Rachael Georgia Danley, 31; Ashton Chase Manicom, 23; Jeremy Dallas Mann, 30; Matthew Ray Stroud, 36; and Todd Allen Pryer, 46, all pleaded guilty in Tulsa federal court to various drug-related charges.

The legal team for the purported leader of the drug ring, Slint Kenneth Tate, 35, and his girlfriend, 36-year-old Robin Tracy Zumwalt, indicated this week that plea discussions were continuing with federal prosecutors, Tulsa World reports.

“This prosecution highlights the importance of federal-state task forces,” U.S. Attorney Trent Shores stated. “Together, we exposed a conspiracy that was operating from within the walls of a maximum-security Oklahoma prison using contraband phones in the hands of inmates.”

A federal grand jury indicated in its September 6th indictment that the seven defendants, headed by Tate, plotted to purchase meth and marijuana in the Oklahoma City and Tulsa areas for redistribution in the Miami, Oklahoma area in 2015 and 2016.

The grand jury claimed Tate operated the drug ring from his cell at Oklahoma State Penitentiary from March 2015 through May 2016 using smuggled phones.

Slint Kenneth Tate (above) is named as the alleged ringleader in a methamphetamine drug trafficking organization that he operated out of the state penitentiary from 2015 to 2016.

Tate has been serving a life sentence without the possibility of parole after he pleaded guilty in 2001 to first-degree murder in the 1999 fatal shooting death of Vernie Milford Roberts, a deputy with the Delaware County reserve.

Roberts, 65, and his wife, Betty Jean, were bringing Tate, who was 16 at the time, from the Delaware County Jail to the Tulsa County Juvenile Detention Center when Tate attacked Roberts and shot him two times.

Stroud was the latest of five to plead guilty.
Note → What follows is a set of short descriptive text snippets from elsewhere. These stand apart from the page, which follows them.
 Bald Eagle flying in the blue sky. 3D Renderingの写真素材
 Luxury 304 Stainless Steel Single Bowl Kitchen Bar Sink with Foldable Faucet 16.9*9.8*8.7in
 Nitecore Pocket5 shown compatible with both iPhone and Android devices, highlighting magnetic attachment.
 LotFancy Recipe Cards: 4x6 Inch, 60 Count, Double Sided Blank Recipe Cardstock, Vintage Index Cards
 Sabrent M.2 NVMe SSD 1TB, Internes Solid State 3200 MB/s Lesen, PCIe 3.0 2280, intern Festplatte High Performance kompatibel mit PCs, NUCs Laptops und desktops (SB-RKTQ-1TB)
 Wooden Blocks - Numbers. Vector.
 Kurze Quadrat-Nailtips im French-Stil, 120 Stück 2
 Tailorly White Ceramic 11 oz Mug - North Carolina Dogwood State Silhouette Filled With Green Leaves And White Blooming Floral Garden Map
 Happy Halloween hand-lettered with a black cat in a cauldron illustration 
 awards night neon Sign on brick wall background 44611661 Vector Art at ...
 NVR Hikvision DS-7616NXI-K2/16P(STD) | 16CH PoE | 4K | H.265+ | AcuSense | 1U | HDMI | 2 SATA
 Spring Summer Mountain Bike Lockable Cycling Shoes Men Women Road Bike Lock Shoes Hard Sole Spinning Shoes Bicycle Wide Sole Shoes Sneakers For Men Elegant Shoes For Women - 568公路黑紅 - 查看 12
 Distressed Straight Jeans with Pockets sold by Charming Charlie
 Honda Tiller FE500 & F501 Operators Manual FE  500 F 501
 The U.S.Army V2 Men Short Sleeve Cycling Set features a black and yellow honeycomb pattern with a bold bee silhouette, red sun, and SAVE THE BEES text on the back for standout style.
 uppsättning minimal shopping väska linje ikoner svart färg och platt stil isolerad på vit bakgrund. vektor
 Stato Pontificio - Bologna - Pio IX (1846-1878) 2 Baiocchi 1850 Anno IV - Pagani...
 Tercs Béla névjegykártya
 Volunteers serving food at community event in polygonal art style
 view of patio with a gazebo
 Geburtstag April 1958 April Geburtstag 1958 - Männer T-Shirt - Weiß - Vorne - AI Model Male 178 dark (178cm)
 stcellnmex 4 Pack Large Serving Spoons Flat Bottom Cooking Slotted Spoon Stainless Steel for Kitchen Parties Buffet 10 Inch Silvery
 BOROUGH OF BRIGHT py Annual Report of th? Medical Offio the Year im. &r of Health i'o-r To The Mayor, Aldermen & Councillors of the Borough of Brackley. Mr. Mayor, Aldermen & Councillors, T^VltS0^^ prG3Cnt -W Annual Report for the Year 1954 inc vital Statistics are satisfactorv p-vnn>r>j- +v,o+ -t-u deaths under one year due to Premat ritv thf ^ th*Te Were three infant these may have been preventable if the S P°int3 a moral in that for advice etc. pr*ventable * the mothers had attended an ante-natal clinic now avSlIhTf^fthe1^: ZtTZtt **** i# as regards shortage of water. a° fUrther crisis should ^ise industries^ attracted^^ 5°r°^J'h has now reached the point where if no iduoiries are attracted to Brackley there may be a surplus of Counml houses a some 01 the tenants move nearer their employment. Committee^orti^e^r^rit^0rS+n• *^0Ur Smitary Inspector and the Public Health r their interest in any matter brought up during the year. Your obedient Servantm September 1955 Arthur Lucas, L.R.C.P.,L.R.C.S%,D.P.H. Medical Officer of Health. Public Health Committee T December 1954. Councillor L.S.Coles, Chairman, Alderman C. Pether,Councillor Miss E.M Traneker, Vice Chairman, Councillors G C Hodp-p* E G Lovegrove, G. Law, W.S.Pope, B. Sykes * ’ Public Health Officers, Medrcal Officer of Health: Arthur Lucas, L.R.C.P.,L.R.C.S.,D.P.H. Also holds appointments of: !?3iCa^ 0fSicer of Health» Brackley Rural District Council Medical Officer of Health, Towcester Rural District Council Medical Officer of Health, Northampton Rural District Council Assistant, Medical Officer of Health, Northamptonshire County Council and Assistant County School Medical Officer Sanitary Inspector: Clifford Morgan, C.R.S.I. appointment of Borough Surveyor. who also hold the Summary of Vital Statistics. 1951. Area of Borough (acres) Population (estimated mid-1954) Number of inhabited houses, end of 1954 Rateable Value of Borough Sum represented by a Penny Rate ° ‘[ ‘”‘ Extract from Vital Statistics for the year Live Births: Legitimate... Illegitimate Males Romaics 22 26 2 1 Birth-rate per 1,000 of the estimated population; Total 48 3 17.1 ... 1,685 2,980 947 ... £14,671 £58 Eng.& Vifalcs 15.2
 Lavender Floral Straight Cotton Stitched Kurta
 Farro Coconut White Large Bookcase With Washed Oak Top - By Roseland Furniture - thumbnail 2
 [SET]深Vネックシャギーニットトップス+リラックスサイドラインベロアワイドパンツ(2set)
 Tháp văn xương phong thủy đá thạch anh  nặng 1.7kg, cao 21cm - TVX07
Stroud pleaded guilty to one count of using a phone to traffic drugs. Prosecutors agreed to dismiss a drug conspiracy charge as part of the deal.

Stroud faces a maximum term of four years behind bars when he is sentenced in June.

On Wednesday, Pryer pleaded guilty to conspiring to traffick drugs. Prosecutors agreed to dismiss two counts against Pryer of using a cell phone to distribute meth.

Prosecutors said Pryer performed a minimal role in the drug enterprise.

“He was a user and enforcer and watcher of the house,” Assistant U.S. Attorney Shannon Cozzoni stated Wednesday, referring to a Miami home where illegal drugs were stashed.

Top left clockwise: Jeremy Dallas Mann (bottom row, left); Todd Allen Pryer, also known as Toddy Pryor; Ashton Chase Manicom. Courtesy Bottom Left: Matthew Stroud, Robin Tracy Zumwalt; and Rachael Georgia Danley

Pryer is also set to be sentenced in June.

On Tuesday, Manicom and Mann both pleaded guilty to one count of drug conspiracy as part of a plea agreement with prosecutors that resulted in the dismissal of remaining charges. Manicom faced seven other counts, while Mann was facing five.

Manicom’s plea agreement requires that he serve a 10-year sentence.

Manicom admitted to agreeing with Tate and others to pick up meth in Tulsa, Oklahoma City, and other area and deliver it to Miami between March 2015 and May 2016.

The statutory prison sentence for a conviction of drug conspiracy ranges from 10 years to life behind bars.

Mann also pleaded guilty to one count of drug conspiracy, but without the benefit of an agreed prison sentence.

While working with the organization, Mann confessed to making drug runs to Oklahoma City and Tulsa to pick up meth for distribution in the Miami area.

On Monday, Danley said he talked with Tate about helping collect money that he needed to purchase roughly nine pounds of meth.

Danley could face up to four years in a federal lockup at his sentencing in June. The admission by Danley was part of a plea deal with prosecutors to confessed guilt to one of five counts in an indictment.